For the race I also carried an empty 1L bladder to make the minimum capacity requirement. It wasn’t super hot and the two front bottles were sufficient to make it between aid stations.
This year I ditched the poles (although I would have used them up from Kedumba on the last leg). I also ditched the Compressport top for a loose fitting TNF BTN shirt. I was also going to wear TNF BTN shorts but they chafed me a week earlier so I went with some compression shorts (they still chafed me).
Nutrition was a mix of Endura Gels and High5 Xtreme. The Xtreme particularly is like jet fuel. Both were amazing, although I think ten hours is about as much of the High5 jet fuel as I can handle. Kira’s lovingly crafted Nutella sandwiches mopped things up in aid stations. I barely slept after the race I was so hopped up on caffeine.
Excluding my Ironman training block (which was very bike focussed) this has been my biggest training build up for an event. By most peoples ultra training standards, my runs aren’t particularly long, far, or steep. I do try and make them purposeful.
This year’s focus has been:
- Running without nutrition to improve metabolism of stored energy.

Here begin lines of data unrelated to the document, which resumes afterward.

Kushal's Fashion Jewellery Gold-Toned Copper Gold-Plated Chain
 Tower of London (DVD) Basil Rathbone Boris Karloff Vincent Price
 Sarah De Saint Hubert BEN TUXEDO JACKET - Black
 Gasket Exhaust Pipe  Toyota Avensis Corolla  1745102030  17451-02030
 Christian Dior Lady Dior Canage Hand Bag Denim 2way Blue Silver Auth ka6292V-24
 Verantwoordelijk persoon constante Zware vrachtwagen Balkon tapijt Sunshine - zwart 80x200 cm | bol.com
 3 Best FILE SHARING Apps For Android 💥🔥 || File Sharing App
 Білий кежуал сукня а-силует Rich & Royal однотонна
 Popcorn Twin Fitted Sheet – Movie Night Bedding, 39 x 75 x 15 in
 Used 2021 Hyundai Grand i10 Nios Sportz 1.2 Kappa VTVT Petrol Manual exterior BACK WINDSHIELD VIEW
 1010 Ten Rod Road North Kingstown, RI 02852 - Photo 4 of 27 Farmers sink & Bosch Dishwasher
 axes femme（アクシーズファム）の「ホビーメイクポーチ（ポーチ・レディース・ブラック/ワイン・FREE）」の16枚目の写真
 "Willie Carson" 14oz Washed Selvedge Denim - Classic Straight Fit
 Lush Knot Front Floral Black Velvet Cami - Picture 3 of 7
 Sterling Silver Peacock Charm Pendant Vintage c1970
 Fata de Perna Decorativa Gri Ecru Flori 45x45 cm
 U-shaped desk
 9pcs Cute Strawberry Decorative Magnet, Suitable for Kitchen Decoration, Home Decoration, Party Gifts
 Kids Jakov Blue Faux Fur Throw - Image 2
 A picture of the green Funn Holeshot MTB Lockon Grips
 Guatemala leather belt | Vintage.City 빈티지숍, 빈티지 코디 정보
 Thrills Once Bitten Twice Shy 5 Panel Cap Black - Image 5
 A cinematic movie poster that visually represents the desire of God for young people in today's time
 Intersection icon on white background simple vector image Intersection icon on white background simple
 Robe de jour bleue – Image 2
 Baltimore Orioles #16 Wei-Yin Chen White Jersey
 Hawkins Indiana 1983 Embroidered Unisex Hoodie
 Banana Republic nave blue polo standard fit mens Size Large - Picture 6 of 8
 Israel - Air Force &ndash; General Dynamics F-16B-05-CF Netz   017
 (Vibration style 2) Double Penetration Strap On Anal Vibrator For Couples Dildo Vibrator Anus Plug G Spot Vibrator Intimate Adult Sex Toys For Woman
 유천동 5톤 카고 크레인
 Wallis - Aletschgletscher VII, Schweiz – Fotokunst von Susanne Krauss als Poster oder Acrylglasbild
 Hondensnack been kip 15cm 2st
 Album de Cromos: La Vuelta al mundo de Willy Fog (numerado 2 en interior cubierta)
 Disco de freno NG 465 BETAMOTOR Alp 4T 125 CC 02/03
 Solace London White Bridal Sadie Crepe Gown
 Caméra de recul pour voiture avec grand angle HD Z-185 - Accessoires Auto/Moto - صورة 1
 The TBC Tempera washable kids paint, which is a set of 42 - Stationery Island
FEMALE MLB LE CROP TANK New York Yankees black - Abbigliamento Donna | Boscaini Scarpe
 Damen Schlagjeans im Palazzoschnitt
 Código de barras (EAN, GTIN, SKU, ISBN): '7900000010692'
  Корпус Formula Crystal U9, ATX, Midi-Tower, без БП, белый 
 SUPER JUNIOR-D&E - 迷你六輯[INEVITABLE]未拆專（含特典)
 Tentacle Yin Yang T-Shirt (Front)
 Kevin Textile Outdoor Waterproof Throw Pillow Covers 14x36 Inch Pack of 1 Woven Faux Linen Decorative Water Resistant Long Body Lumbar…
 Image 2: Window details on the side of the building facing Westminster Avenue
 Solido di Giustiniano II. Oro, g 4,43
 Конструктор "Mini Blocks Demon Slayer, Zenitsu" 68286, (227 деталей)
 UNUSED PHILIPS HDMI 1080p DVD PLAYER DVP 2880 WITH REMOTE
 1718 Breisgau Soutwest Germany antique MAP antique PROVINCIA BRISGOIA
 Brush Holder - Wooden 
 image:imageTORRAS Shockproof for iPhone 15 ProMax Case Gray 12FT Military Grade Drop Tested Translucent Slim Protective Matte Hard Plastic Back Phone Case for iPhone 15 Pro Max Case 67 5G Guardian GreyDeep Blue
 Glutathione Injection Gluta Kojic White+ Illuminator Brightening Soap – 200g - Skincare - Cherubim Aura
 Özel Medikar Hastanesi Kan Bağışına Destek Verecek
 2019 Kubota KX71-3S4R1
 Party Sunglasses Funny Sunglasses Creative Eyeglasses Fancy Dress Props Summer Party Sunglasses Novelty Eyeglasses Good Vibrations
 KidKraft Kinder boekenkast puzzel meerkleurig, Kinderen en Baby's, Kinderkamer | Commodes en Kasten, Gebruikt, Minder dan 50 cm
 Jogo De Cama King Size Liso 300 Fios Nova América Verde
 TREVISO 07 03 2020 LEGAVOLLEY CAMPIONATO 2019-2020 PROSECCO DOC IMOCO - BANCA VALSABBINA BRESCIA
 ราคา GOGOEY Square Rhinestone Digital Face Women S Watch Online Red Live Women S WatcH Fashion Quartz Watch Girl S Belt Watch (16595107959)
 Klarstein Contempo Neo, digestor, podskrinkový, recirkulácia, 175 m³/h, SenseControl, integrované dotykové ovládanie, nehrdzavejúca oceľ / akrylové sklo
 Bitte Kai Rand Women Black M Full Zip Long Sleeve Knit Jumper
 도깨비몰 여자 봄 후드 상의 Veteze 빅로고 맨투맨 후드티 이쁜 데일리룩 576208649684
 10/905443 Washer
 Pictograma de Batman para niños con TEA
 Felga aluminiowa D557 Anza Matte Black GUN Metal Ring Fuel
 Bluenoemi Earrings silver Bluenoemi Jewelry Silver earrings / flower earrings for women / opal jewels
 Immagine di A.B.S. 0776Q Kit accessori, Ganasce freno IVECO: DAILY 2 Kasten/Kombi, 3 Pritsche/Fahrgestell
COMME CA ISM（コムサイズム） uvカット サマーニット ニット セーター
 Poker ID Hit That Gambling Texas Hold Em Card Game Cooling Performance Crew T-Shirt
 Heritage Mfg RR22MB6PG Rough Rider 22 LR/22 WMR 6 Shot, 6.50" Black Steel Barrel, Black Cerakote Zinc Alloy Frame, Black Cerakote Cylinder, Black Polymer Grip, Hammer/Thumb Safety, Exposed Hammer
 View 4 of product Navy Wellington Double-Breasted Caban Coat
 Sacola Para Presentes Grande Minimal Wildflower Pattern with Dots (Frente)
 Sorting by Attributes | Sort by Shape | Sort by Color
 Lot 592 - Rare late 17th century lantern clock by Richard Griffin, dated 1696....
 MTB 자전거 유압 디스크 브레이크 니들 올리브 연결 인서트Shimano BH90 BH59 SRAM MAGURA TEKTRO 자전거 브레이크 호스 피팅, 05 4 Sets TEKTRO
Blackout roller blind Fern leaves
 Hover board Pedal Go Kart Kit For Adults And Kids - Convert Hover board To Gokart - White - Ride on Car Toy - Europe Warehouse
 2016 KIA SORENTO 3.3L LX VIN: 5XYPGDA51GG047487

- Cadence of 180. The cadence of 180 developed out of my annual last minute marathon preps. I learnt quickly I could go my fastest, most efficient and fatigue/injury free at this turn over rate. An article I read at the beginning of this year confirmed my theory. I also ensure every time I would run 5k in previous years, I would run 10k this year. The net result is I have a really dialled in, super efficient 5min/km pace at 180 cadence. I can also maintain it comfortably in a few different forms so if I start getting tired on ay I just tweak my stride a little. In terms of the race this translated into even kilometre 98 being completed at a cadence of 172.
Because of all the various family activites throughout the week, my training has been something like: one or two 60 minute bike sessions on Zwift, one x 60 minute fast flat trail run, one x 45 minute road run with a hill, two x 90min+ trails with hills. Maybe a stair session or hill repeats if I feel like it.
This training load seems to work for me. I am happy and injury free and generally don’t need huge motivation to go for a run. After all, the main reason I run is to enjoy it.
Oh and I almost forgot… I made a prerace VLOG. Rain made a mess of videoing up in Katoomba, but I will try and make a post race/pre Lavarado VLOG sometime soon when I am in Italy.
Wrapup and Next Steps
So from here I look ahead to Lavaredo. I have no doubts Lavaredo is going to be tough. Its mountains are far, far, far bigger and the altitude will hurt. I will finish as long as I remain patient and balance my nutrition.
In November I’ll run my first 100 miler; the inaugural GSER100 in the Victorian Alps. GSER is going to be something else again. For that I am going to have to come up with a very different training, nutrition, and race execution approach. 2017 is only going to get harder from here.
In terms of the quality of UTA, in 2015 I felt a little underwhelmed, but it has gotten better every year since and is now outstanding. The level of professionalism, organisation, and buzz surrounding the event has stepped up a notch. Well done AROC and the entire team of volunteers.